OAuth support empowers users to run data diffs based on their individual permissions and roles configured within the data warehouses. This ensures that data access is governed by existing security policies and protocols.

How it works

1. Create a Data Diff

When you attempt to run a data diff, you will notice that it won’t run without authentication:

2. Authorize the Data Diff

Authorize the data diff by clicking the Authenticate button. This will redirect you to the data warehouse for authentication:

Upon successful authentication, you will be redirected back.

3. The Data Diff is now running

4. View the Data Diff results

The results reflect your permissions within the data warehouse:

Note that running the same data diff, as a different user, renders different results:

The masked values represent the data retrieved from the data warehouse. We do not conduct any post-processing:

By default, results are only visible for their authors. Users can still clone the data diffs, but the results might be different depending on their data warehouse access levels.

For example, as a different user, I won’t be able to access the data diff results for Filip’s data diff:

5. Sharing Data Diffs

Data diff sharing is a feature that enables you to share data diffs with other users. This is useful in scenarios such as compliance verification, where auditors can access specific data diffs without first requiring permissions to be set up in the data warehouse.

Sharing can be accessed via the Actions dropdown on the data diff page:

Note that data diff sharing is disabled by default:

It can be enabled under Org Settings by clicking on Allow Data Diff sharing:

Once enabled, you can share data diffs with other users:

Configuring OAuth

Navigate to Settings and click on your data connection. Then, click on Advanced settings and under OAuth, set the Client Id and Client Secret fields:

Example: Databricks

To create a new Databricks app connection:

  1. Go to Settings and App connections.
  2. Click Add connection in the top right of the screen.
  1. Fill in the required fields:

Application Name:

Datafold OAuth connection

Redirect URLs:

https://app.datafold.com/api/internal/oauth_dwh/callback

INFO

Datafold caches access tokens and using refresh tokens fetches new valid tokens in order to complete the diffs and reduce the number of times users need to authenticate against the data warehouses.

One hour is sufficient for the access token.

The refresh token will determine the frequency of user reauthentication, whether it’s daily, weekly, or monthly.

3. Click Add to obtain the Client ID and Client Secret

4. Fill in the Client ID and Client Secret fields in Datafold’s Data Connection advanced settings:

5. Click Test and save OAuth

You will be redirected to Databricks to complete authentication. If you are already authenticated, you will be redirected back.

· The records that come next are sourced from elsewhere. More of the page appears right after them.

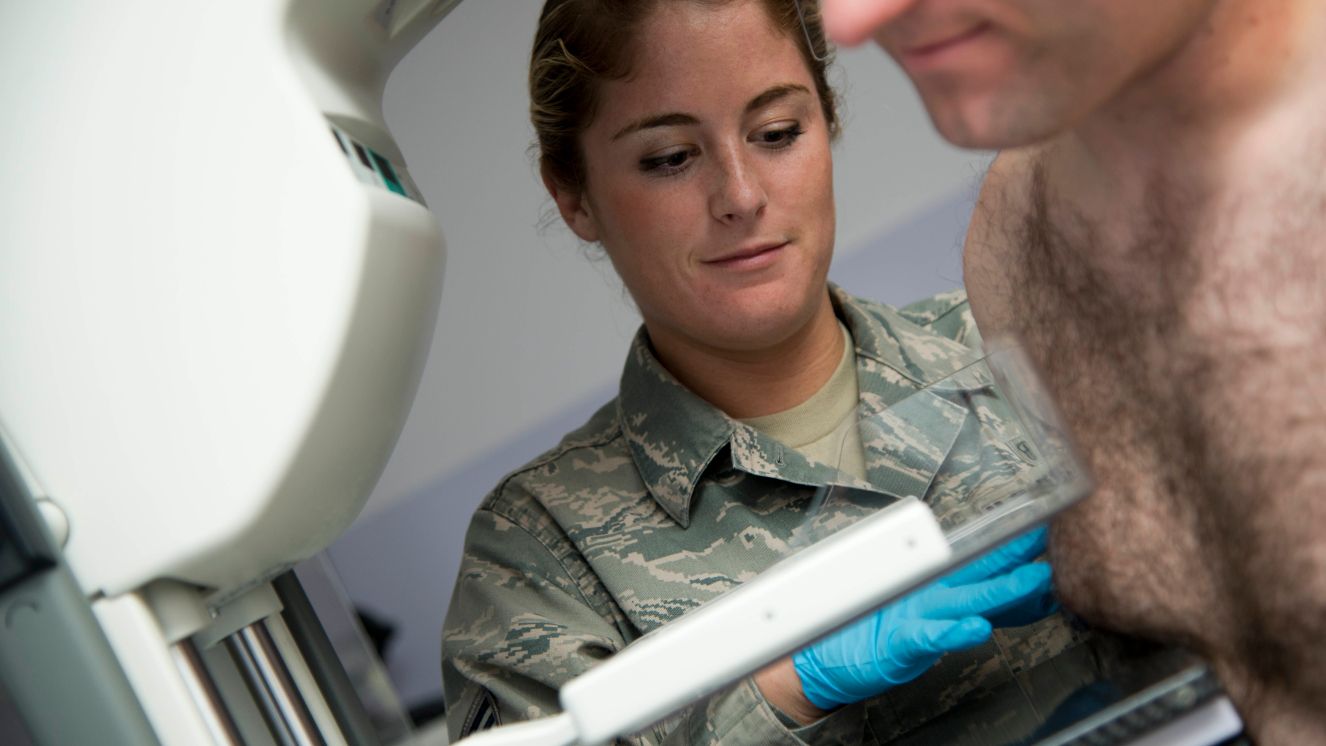 Senior Airman Elisabeth Stone compresses a male patient's breast tissue during a baseline screening of mammogram at Joint Base Elmendorf-Richardson, Alaska, Oct. 20, 2014. (U.S. Air Force photo/Staff Sgt. Sheila deVera)
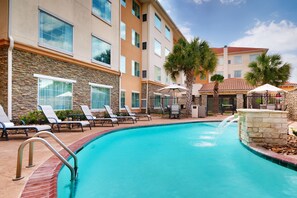 A swimming pool with lounge chairs and umbrellas, surrounded by a stone wall and a building with multiple windows and balconies. - Residence Inn Houston I-10 West/Park Row (Houston)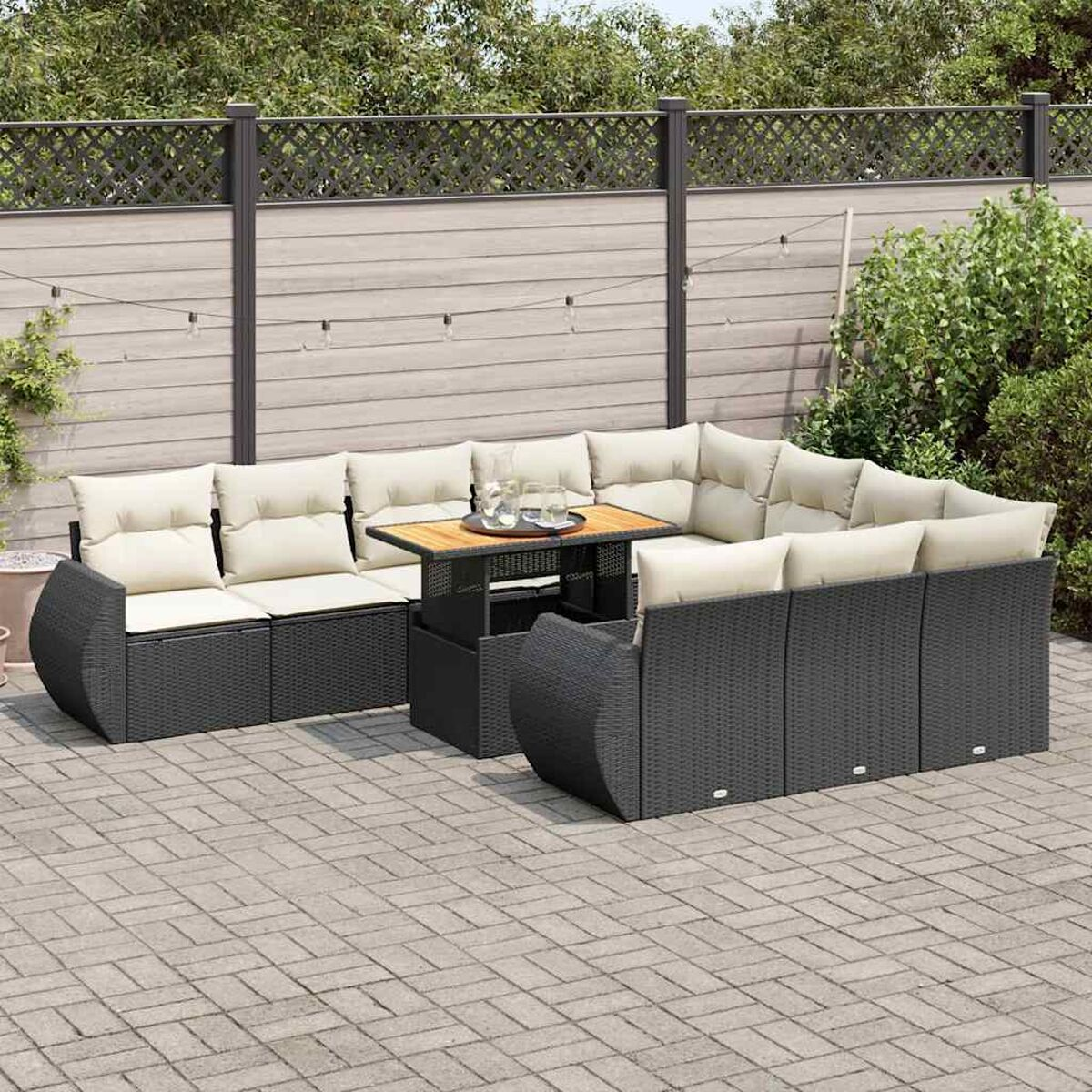 Un set di mobili da esterno in vimini nero disposto su un patio in mattoni, con un tavolo di legno.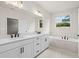 Double vanity bathroom with soaking tub and large mirror at 1682 Juniper Berry Way, Loganville, GA 30052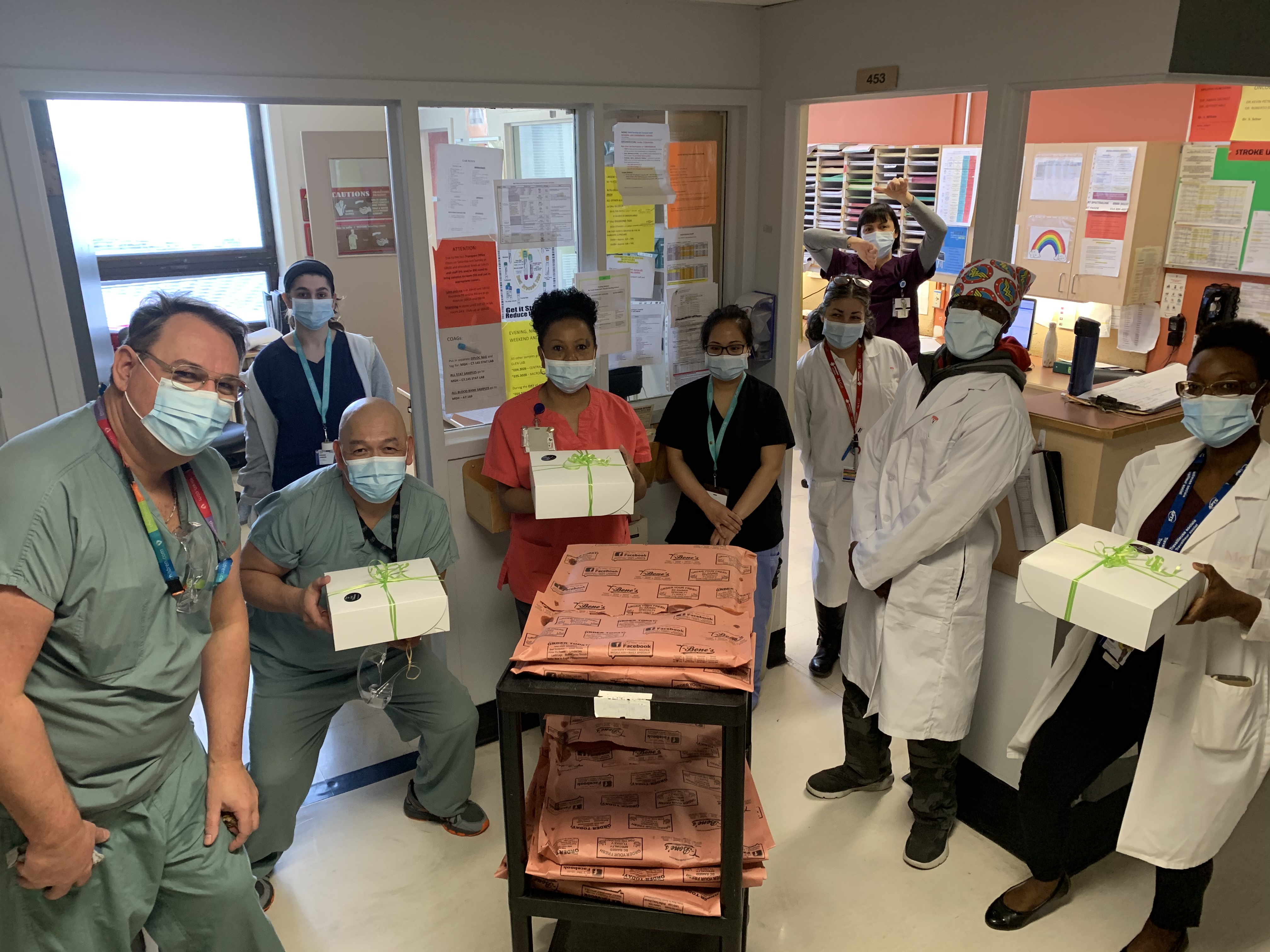 Hospital staff enjoy pizza, cookies and cannolis donated by Mimma Devito of NDG Bakery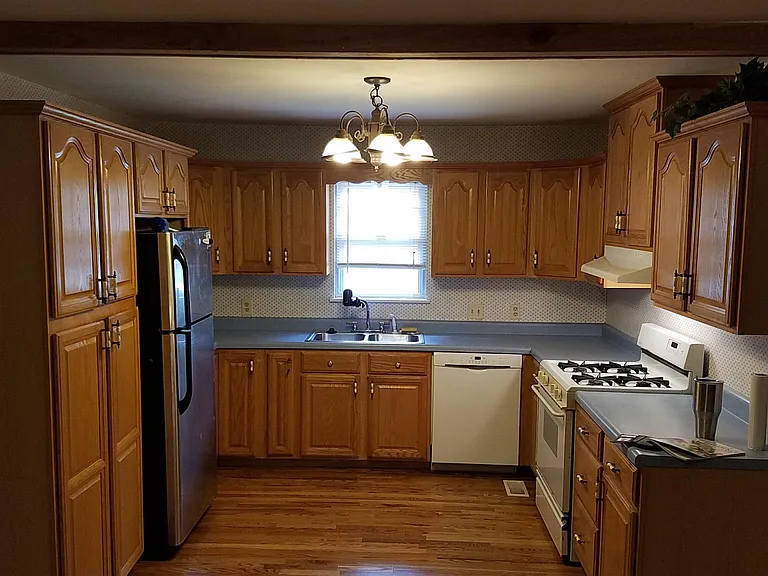 Kitchen with new stove to come.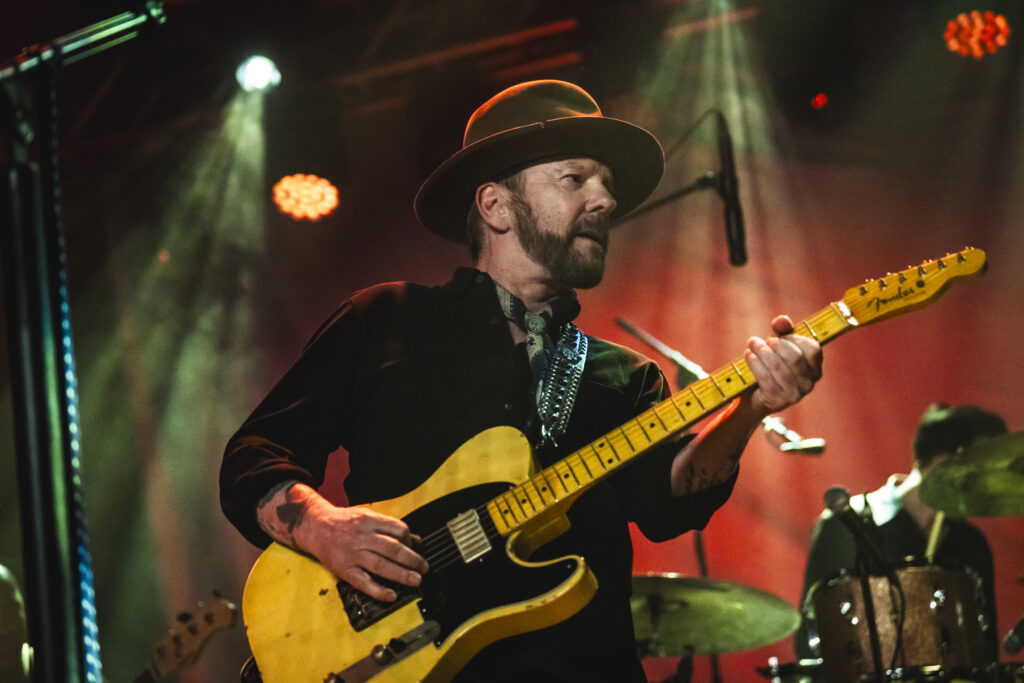 Kiefer Sutherland performing live onstage with a guitar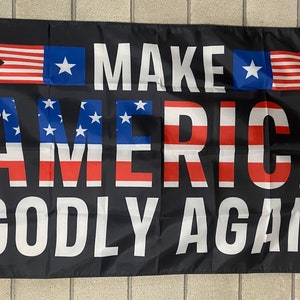 May include: A black flag with the text "MAKE AMERICA GODLY AGAIN" in white letters. The text is surrounded by red, white, and blue stars and stripes.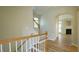 Inviting entryway featuring wood stairs, white railing and luxury vinyl plank flooring at 4517 Pale Moss Dr, Raleigh, NC 27606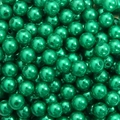 Macro shot of metallic dark green round acrylic beads with holes for DIY jewelry - Dark Green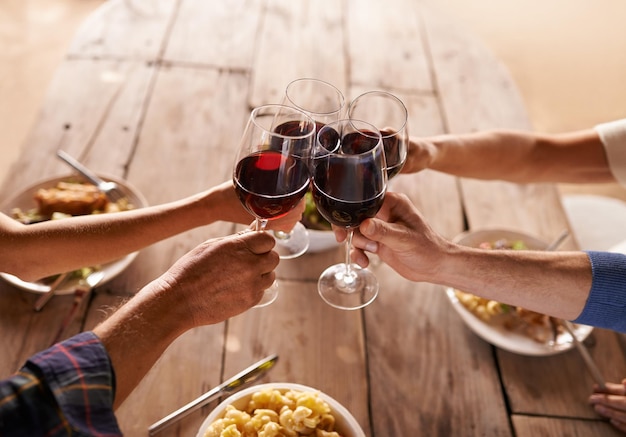 写真 ランチイベントでのお祝いの食べ物や友人のために、テーブルで乾杯するためのグループとワイングラス人々が一緒に集まり、アルコールグラスで祝い、パーティーディナーや家族の家をサポートします
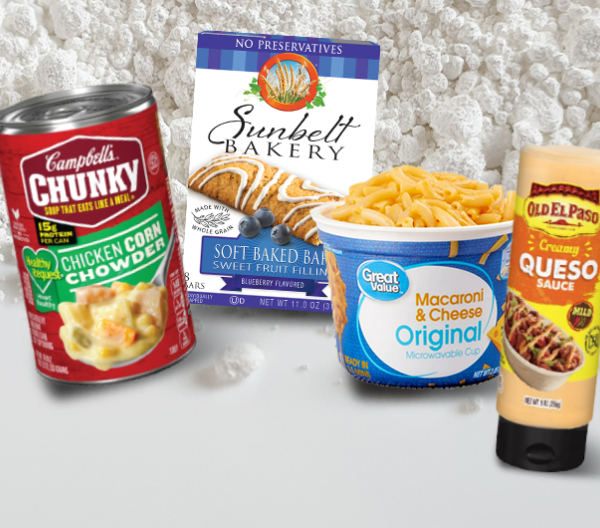 Canned soup, boxed mac & cheese, breakfast bars, and queso--packaged foods containing titanium dioxide--against a background of the powdered white substance.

This notification signals a successful OAuth configuration:

Additional steps for Databricks

To ensure that users have correct access rights to temporary tables (stored in Dataset for temporary tables provided in the Basic settings for the Databricks connection), follow these steps:

  1. Update the permissions for the Dataset for temporary tables in Databricks.
  2. Grant these permissions to Datafold users: USE SCHEMA and CREATE TABLE.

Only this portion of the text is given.